I hadn't seen any references to ocean sequestration of carbon dioxide in some time, and then within a week or so two different colleagues mentioned a company called Planktos to me. As you might guess from the name, they are pursuing a method of sequestration that involves seeding the ocean to stimulate plankton, which absorb CO2 via photosynthesis, eventually resulting in the sequestered carbon sinking to the sea bottom. Here's what I wrote about this idea in October 2004 (with some of the links updated):
A week or so ago the BBC evening news (on PBS) included a report on the possibility of sudden, rapid climate change as a result of accumulating carbon dioxide and other greenhouse gases in the atmosphere. The prospect of the climate changing dramatically within a decade or two--which has apparently happened in the geological past--reminded me of a novel strategy that might be able to counter such a development. It's called "ocean sequestration".
I've mentioned carbon sequestration before. Most of the work in this area currently focuses on recovering carbon dioxide from smokestacks, compressing it, and pumping it into disused oil or gas wells or other underground sinks. The technique looks very promising, but it is essentially industrial in nature, requiring substantial investment, infrastructure and expense, making it hard to deploy quickly or on a large scale.
Ocean sequestration differs in several important ways.

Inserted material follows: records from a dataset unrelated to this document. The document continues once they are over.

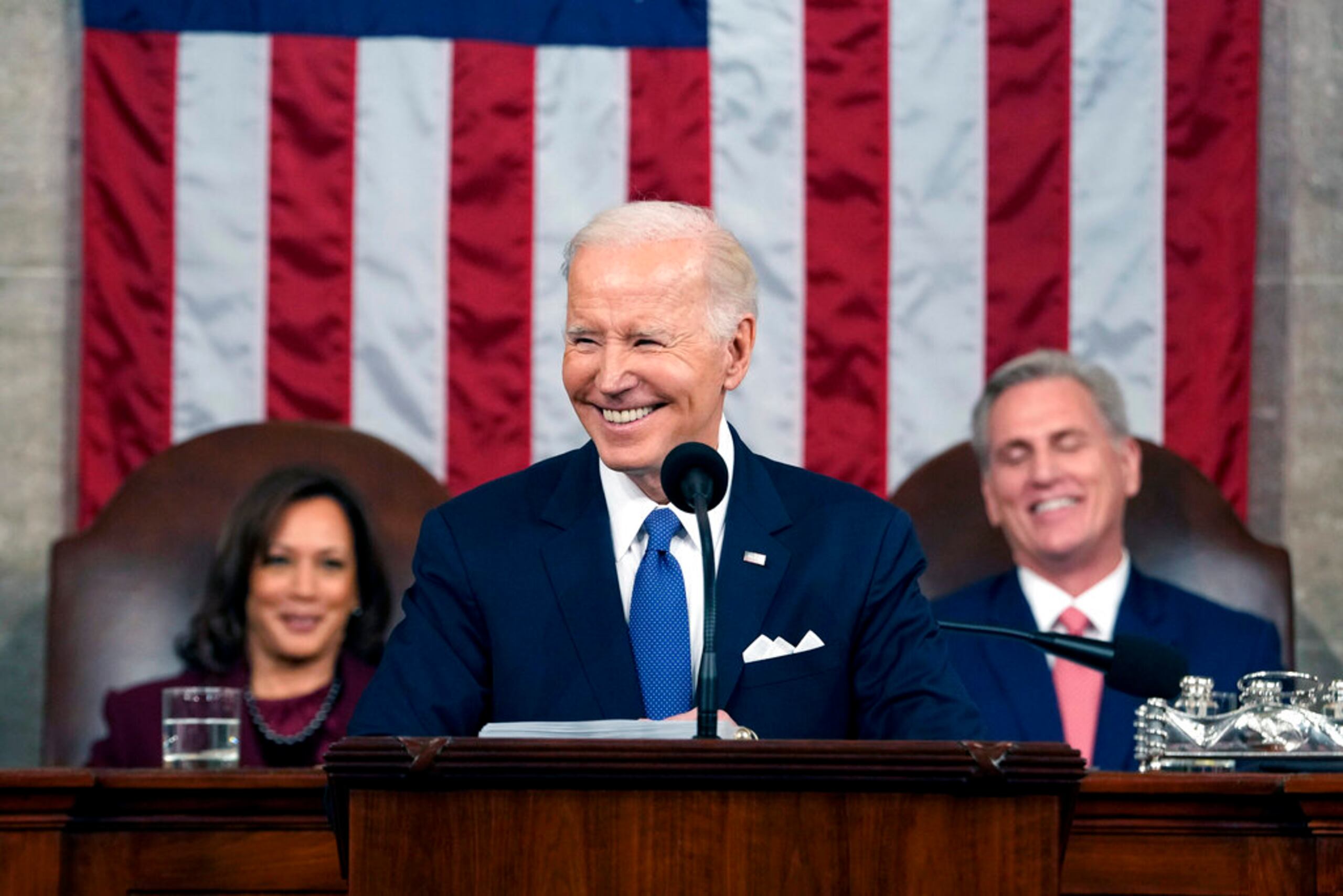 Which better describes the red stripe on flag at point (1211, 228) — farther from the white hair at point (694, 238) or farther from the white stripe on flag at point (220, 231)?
the white hair at point (694, 238)

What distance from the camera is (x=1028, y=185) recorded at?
16.0 ft

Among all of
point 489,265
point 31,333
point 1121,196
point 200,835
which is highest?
point 1121,196

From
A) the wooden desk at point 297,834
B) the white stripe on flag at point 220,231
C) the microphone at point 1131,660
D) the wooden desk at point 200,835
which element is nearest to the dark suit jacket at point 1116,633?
the microphone at point 1131,660

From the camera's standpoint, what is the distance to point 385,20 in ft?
16.0

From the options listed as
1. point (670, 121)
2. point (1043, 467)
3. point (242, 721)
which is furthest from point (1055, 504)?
point (242, 721)

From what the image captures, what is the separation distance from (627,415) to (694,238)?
27 centimetres

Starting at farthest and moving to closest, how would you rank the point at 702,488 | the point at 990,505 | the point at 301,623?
the point at 990,505, the point at 301,623, the point at 702,488

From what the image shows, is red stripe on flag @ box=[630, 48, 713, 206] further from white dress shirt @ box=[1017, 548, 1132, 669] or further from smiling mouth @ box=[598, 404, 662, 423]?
smiling mouth @ box=[598, 404, 662, 423]

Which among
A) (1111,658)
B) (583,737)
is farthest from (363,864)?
(1111,658)

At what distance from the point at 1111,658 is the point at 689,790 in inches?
47.3

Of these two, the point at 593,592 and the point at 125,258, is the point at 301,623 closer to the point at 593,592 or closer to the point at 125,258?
the point at 125,258

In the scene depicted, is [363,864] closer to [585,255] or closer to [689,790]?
[689,790]

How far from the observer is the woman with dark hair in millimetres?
4109

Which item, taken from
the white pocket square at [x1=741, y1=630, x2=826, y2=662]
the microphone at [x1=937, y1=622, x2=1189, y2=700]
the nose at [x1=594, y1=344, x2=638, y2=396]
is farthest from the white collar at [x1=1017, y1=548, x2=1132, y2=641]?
the nose at [x1=594, y1=344, x2=638, y2=396] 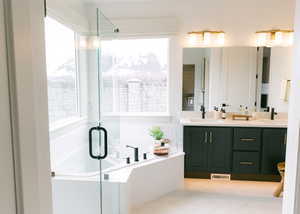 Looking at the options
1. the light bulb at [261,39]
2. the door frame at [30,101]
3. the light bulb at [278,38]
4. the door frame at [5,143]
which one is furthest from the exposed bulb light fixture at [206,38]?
the door frame at [5,143]

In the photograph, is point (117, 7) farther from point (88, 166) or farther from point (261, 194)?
point (261, 194)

First, it would tie up carbon using biological processes, by stimulating plankton growth and effectively capturing the carbon in the pelagic food chain and its solid wastes. As a result, it does not require large amounts of capital or infrastructure. Second, it removes CO2 directly from the atmosphere, rather than from a smokestack, and appears to be easily scalable, making it possible to tackle the much larger sequestration goals that sudden climate change would require. In other words, the rate of sequestration might exceed the total global rate of CO2 emissions. If the world were experiencing a runaway greenhouse effect, we would need a technique that could cut the absolute quantity of CO2 in the atmosphere--rather than just reducing the rate at which it is increasing--in order to restore equilibrium.

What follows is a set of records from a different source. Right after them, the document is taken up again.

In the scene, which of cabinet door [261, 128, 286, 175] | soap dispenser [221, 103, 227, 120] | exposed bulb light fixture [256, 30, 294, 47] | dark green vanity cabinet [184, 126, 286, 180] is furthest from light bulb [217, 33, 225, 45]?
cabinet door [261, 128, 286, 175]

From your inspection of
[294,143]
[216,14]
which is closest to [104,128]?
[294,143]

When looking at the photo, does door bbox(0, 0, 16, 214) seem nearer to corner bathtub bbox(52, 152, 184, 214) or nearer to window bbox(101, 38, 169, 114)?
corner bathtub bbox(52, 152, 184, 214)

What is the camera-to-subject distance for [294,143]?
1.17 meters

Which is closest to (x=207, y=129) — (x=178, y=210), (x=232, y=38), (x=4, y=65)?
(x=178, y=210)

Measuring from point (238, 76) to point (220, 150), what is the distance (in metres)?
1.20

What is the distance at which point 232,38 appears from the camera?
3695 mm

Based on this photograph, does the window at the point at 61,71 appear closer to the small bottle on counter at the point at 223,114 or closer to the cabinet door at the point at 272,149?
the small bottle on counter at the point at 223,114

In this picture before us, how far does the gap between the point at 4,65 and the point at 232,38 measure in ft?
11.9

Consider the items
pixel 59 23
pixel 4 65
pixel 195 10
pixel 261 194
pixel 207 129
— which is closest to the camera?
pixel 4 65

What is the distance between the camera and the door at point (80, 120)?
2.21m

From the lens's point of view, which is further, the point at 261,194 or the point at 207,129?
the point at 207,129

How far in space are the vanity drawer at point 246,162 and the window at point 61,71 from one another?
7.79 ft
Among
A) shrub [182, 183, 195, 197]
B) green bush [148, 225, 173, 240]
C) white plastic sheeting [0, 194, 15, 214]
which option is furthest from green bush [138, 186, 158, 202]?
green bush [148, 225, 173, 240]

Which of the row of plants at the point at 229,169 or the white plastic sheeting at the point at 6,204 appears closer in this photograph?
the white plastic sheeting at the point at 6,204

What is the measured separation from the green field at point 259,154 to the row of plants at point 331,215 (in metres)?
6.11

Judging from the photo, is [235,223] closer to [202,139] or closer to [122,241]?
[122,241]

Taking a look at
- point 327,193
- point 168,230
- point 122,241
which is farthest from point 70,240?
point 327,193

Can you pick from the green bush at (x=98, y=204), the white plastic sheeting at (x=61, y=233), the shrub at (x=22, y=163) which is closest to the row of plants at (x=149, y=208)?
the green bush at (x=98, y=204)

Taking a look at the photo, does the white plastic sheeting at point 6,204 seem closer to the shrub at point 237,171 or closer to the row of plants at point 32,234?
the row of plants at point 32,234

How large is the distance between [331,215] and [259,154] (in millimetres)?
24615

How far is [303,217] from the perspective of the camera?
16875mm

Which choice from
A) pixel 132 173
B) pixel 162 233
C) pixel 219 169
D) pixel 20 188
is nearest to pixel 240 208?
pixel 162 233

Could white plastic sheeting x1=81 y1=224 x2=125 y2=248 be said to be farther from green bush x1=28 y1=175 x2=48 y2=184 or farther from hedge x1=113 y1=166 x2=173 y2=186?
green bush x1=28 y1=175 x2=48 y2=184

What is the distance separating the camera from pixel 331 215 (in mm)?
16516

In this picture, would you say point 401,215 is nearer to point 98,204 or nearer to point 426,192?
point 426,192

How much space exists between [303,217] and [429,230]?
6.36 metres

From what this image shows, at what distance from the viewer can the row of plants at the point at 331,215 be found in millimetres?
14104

Although ocean sequestration is still in early stages of research, it has come in for serious criticism for its possible impact on ocean ecosystems. The jury is still out on these concerns, and it could turn out that they are negative enough to prevent this technique from becoming a standard approach for managing greenhouse gas emissions. But if faced with a choice between a rapidly changing climate--with its unpredictable effects not only on ecosystems but on human survivability--I'd like to think that we had at least one "Hail Mary" pass like this waiting in our playbook, just in case.